◆ WHAT IS EXPECTED ◆
Skip the images and print the listing exactly.

◆ RECORDS FOR PROCESSING ◆
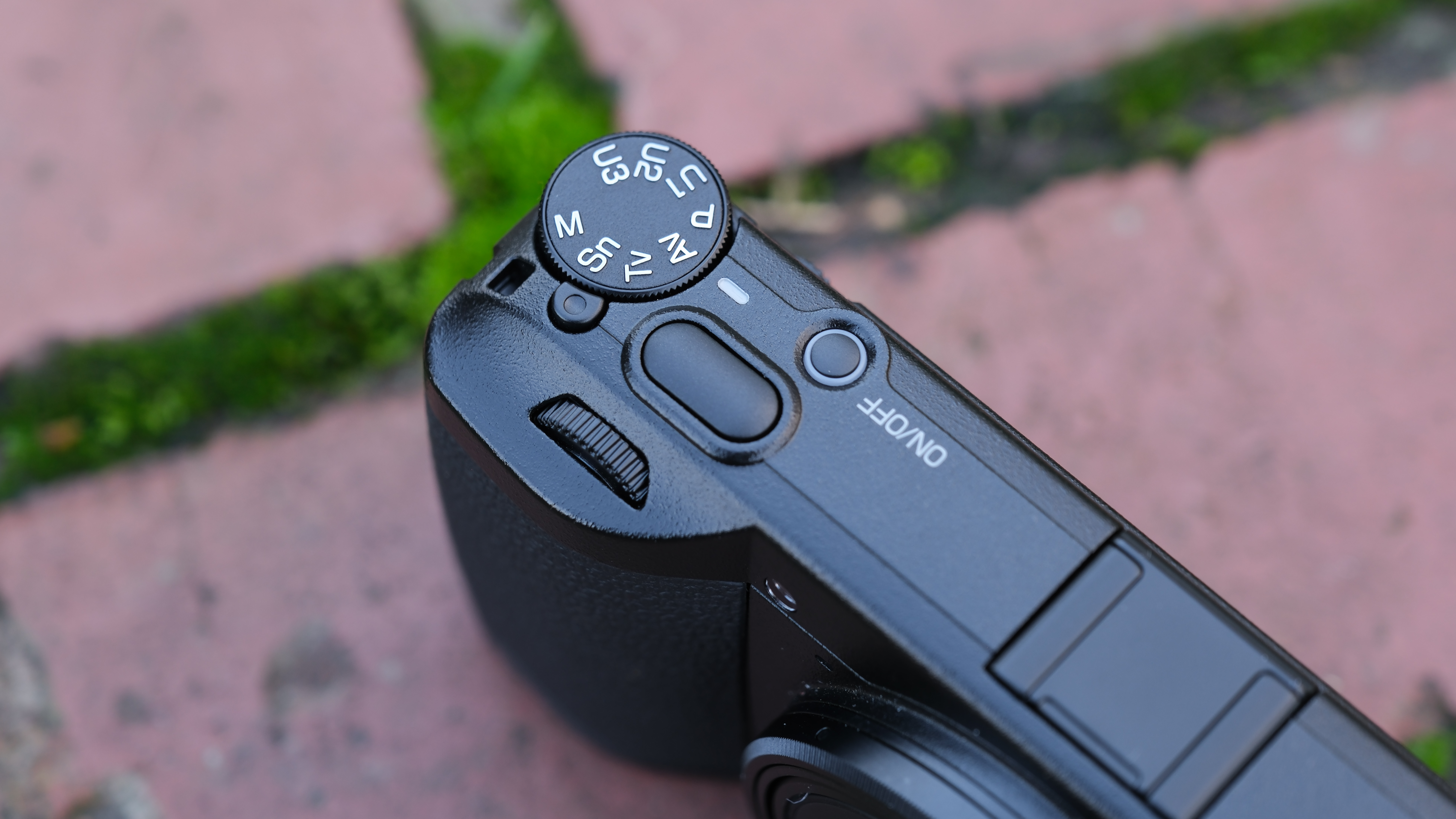 Close up of the mode dial on a Ricoh GR IV compact camera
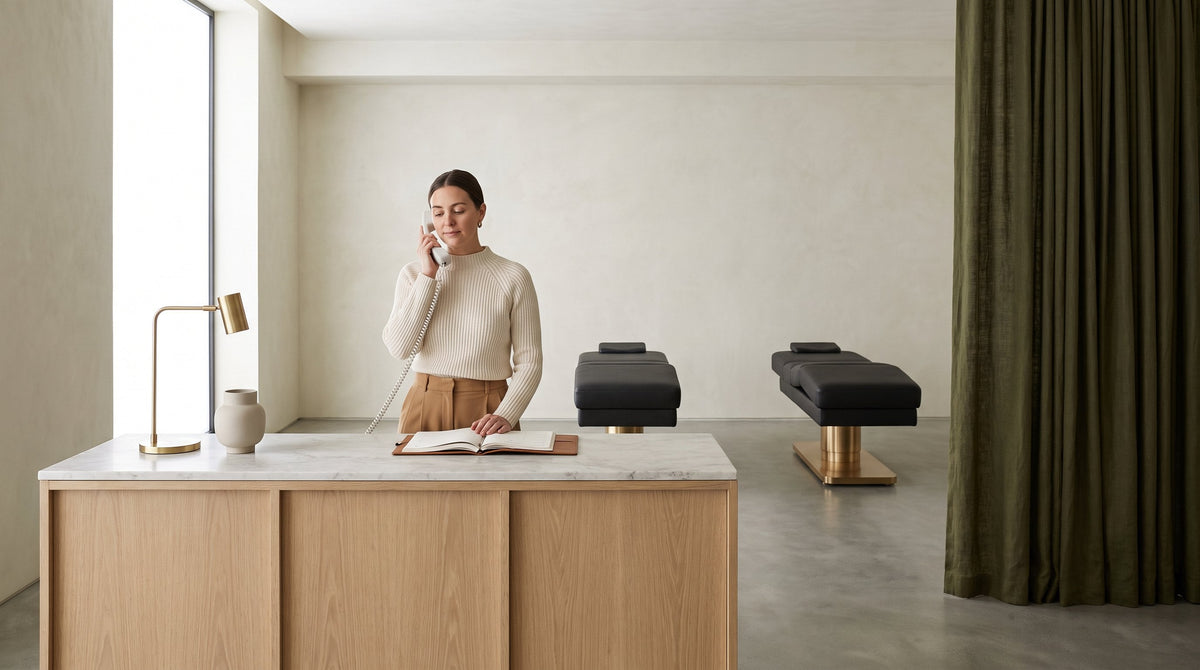 A salon receptionist takes a phone call at a white oak reception desk with an open appointment book, two charcoal Oxford electric salon beds on brass bases on the treatment floor behind her.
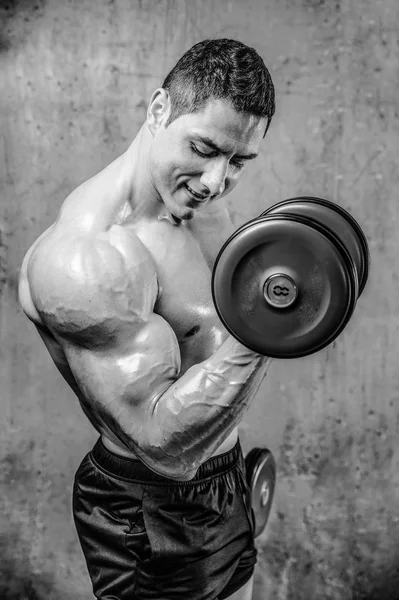 Guapo modelo joven entrenamiento brazos en el gimnasio —  Fotos de Stock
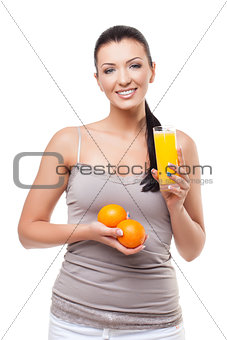 Beautiful girl with oranges and orange juice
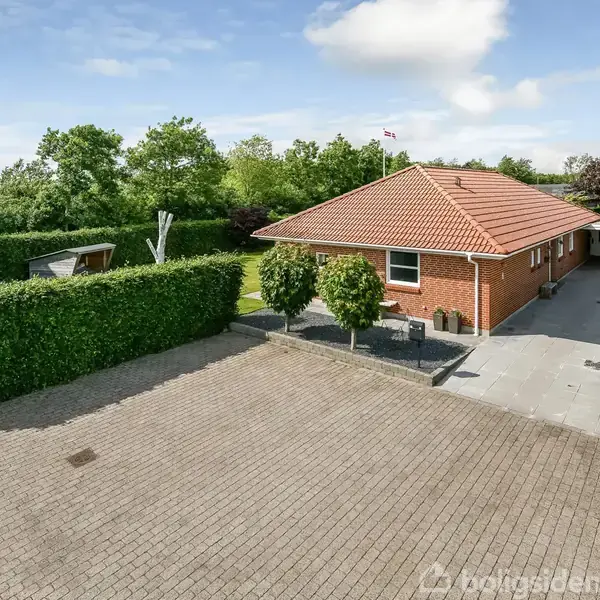 Et rødt murstenshus med et tegltag står i en have. Huset har en carport, omringet af grønne hække og flisebelagt terrasse. Himlen er blå, og der er få skyer.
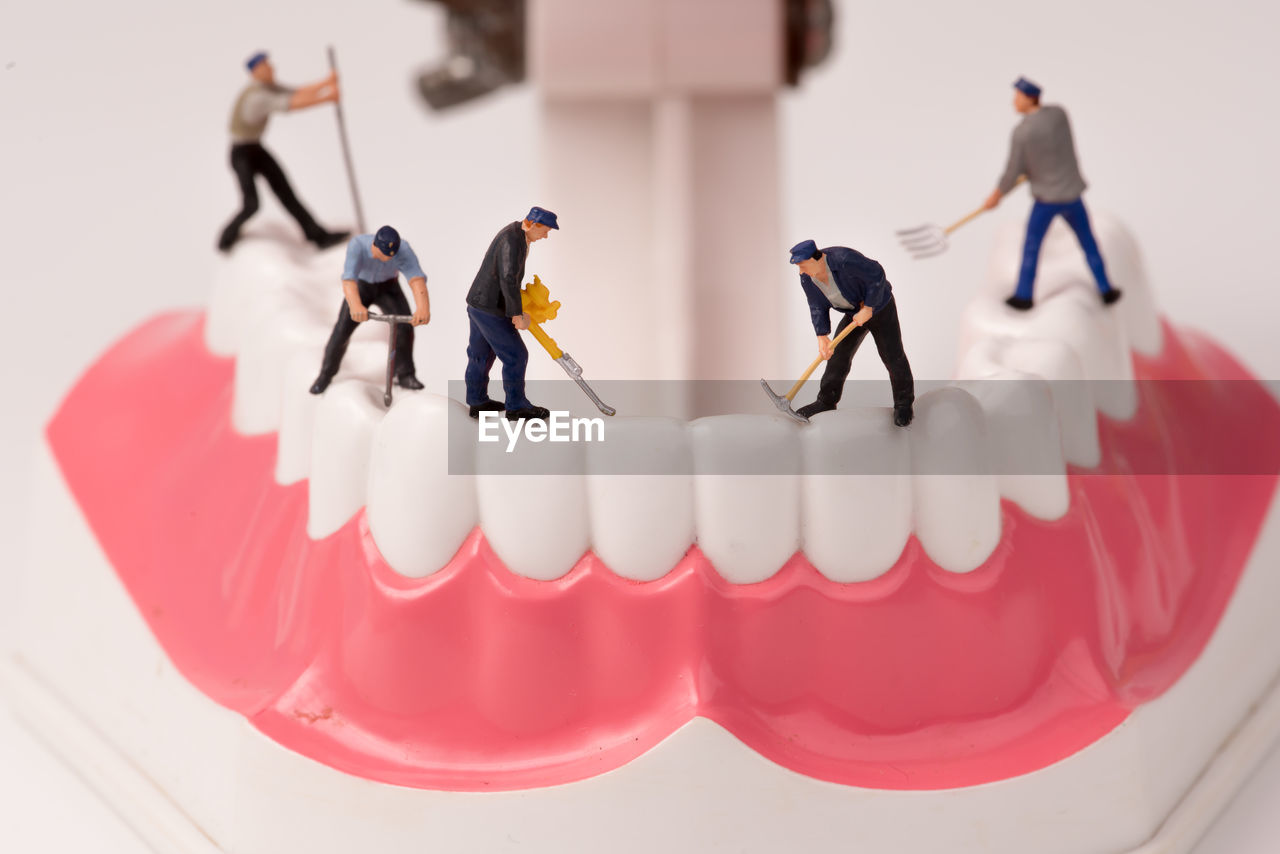 Miniature men working on dentures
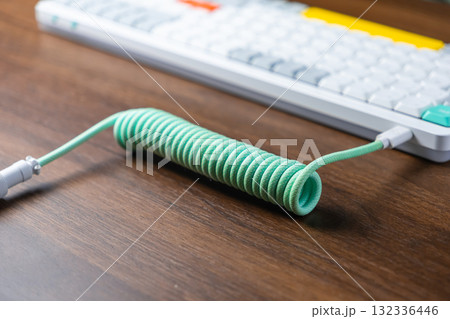Mint green coiled braided USB cable connected to a modern mechanical keyboard on a wooden desk, enhancing desktop aesthetics for work or gaming 132336446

◆ WRITTEN SOLUTION ◆
 Close up of the mode dial on a Ricoh GR IV compact camera
 A salon receptionist takes a phone call at a white oak reception desk with an open appointment book, two charcoal Oxford electric salon beds on brass bases on the treatment floor behind her.
 Guapo modelo joven entrenamiento brazos en el gimnasio —  Fotos de Stock
 Beautiful girl with oranges and orange juice
 Et rødt murstenshus med et tegltag står i en have. Huset har en carport, omringet af grønne hække og flisebelagt terrasse. Himlen er blå, og der er få skyer.
 Miniature men working on dentures
Mint green coiled braided USB cable connected to a modern mechanical keyboard on a wooden desk, enhancing desktop aesthetics for work or gaming 132336446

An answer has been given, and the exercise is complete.